Sueño que estoy de nuevo en la sala de abajo. El doctor Nawaz entra y me pongo en pie para saludarlo. Se quita la mascarilla de papel. Sus manos son más blancas de lo que recordaba, lleva las uñas muy cuidadas, el cabello perfectamente peinado, y entonces veo que no se trata del doctor Nawaz, sino de Raymond Andrews, el hombrecillo de la embajada y la tomatera. Andrews inclina la cabeza. Cierra los ojos.

De día el hospital era un laberinto de pasillos que parecían hormigueros, un resplandor de fluorescentes blancos. Llegué a conocer todos los rincones, a saber que el botón de la cuarta planta del ascensor del ala este no funcionaba, que la puerta del lavabo de caballeros de ese mismo sector estaba atrancada y que para abrirla era necesario darle un empujón con el hombro.

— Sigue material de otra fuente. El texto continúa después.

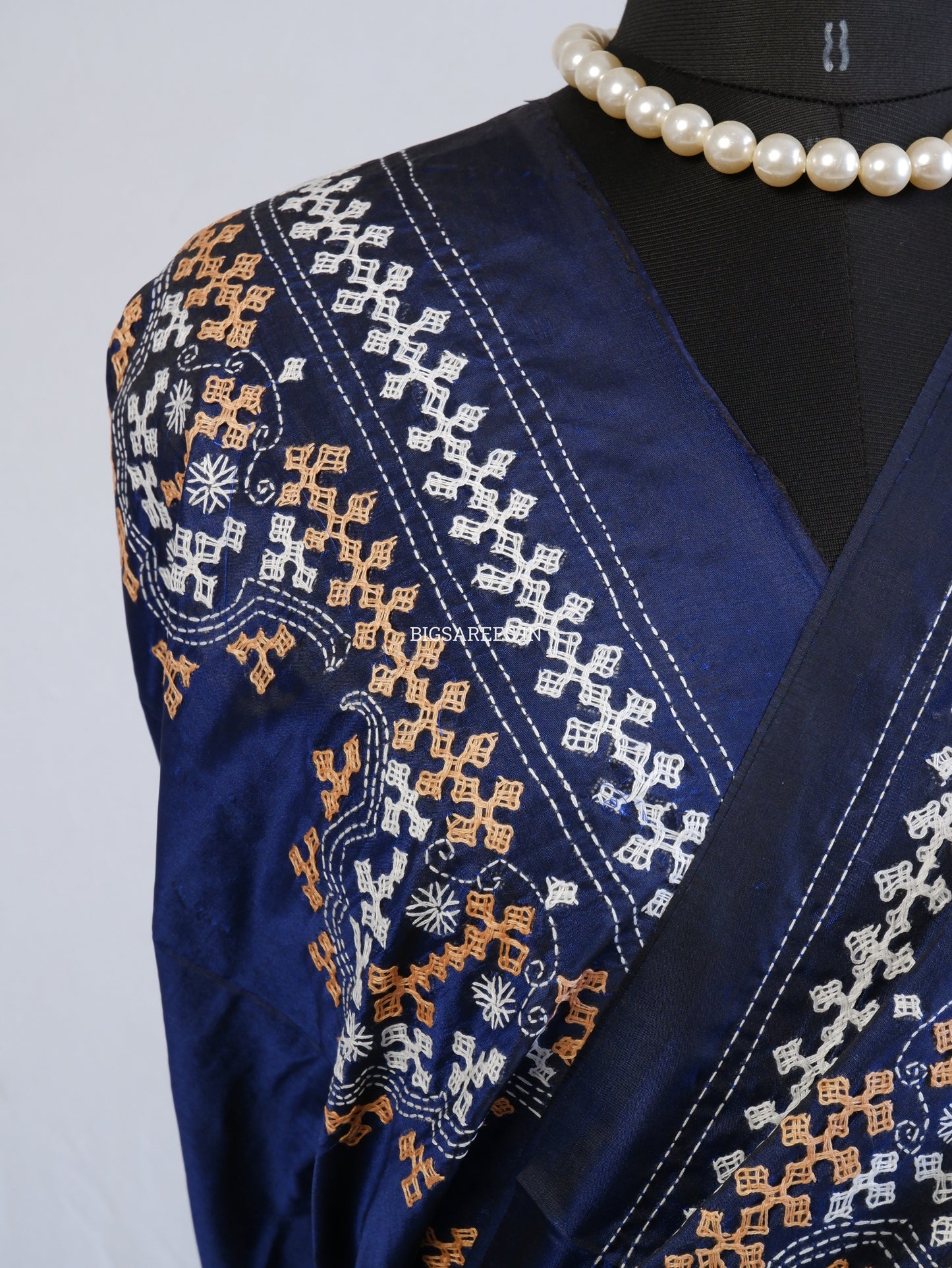 Kutchi/Gujarati Hand Embroidered Saree  | Blended Bangalore Silk / Art Silk | Dark blue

Llegué a saber que la vida del hospital tiene un ritmo propio: el frenesí de actividad que se produce justo antes del cambio de turno de la mañana, el bullicio de mediodía, la quietud y la tranquilidad de las altas horas de la noche sólo interrumpida ocasionalmente por una confusión de médicos y enfermeras afanados en reanimar a alguien. Durante el día velaba a Sohrab junto a su cama y por las noches deambulaba por los pasillos, escuchando el sonido de las suelas de mis zapatos al pisar las baldosas y pensando en lo que le diría a Sohrab cuando despertara. Siempre acababa regresando a la UCI, sentándome junto a su cama, escuchando el zumbido del ventilador, y sin tener la menor idea de qué le diría.

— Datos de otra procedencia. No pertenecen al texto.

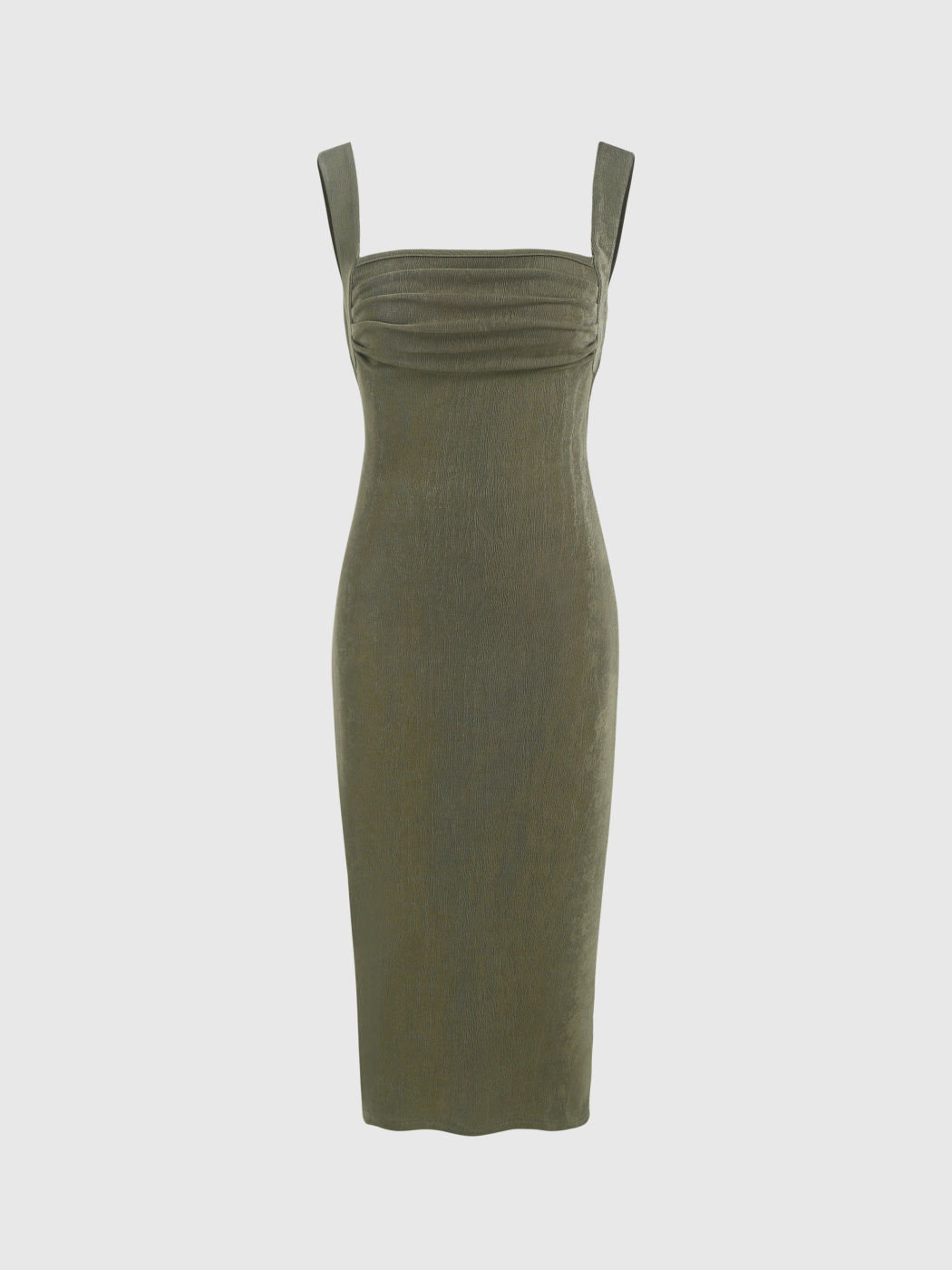 Gerafftes Midikleid mit eckigem Ausschnitt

Después de tres días en la UCI le retiraron la respiración asistida y lo trasladaron a una cama de la planta baja. Yo no estuve presente durante el traslado. Aquella noche, precisamente, había ido al hotel a dormir un poco y estuve dando vueltas sin parar en la cama. Por la mañana intenté no mirar la bañera. Estaba limpia. Alguien había limpiado la sangre, colocado nuevas alfombras en el suelo y frotado las paredes. Pero no pude evitar sentarme en su frío borde de porcelana. Me imaginé a Sohrab llenándola de agua caliente. Lo vi desnudarse. Lo vi dándole la vuelta al mango de la maquinilla y abriendo los dobles pestillos de seguridad del cabezal, extrayendo la hoja, sujetándola entre el pulgar y el índice. Me lo imaginé entrando en el agua, tendido un momento en la bañera con los ojos cerrados. Me pregunté cuál habría sido su último pensamiento antes de levantar la hoja y llevarla hasta la muñeca.

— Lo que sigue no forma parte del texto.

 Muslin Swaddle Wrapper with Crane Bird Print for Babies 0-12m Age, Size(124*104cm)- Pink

Salía del vestíbulo cuando me tropecé con el director del hotel, el señor Fayyaz.

– Lo siento mucho por usted -dijo-, pero tengo que pedirle que abandone mi hotel, por favor. Esto es malo para mi negocio, muy malo.

Le dije que lo comprendía y pedí la factura. No me cobraron los tres días que había pasado en el hospital. Mientras esperaba un taxi en la puerta del hotel, pensé en lo que el señor Fayyaz me había dicho la tarde en que estuvimos buscando a Sohrab: «Lo que les ocurre a ustedes los afganos es que… Bueno, su gente es un poco temeraria.» En aquel momento me reí de él, pero ahora me lo cuestionaba. ¿Cómo había sido capaz de quedarme dormido después de darle a Sohrab la noticia que él más temía?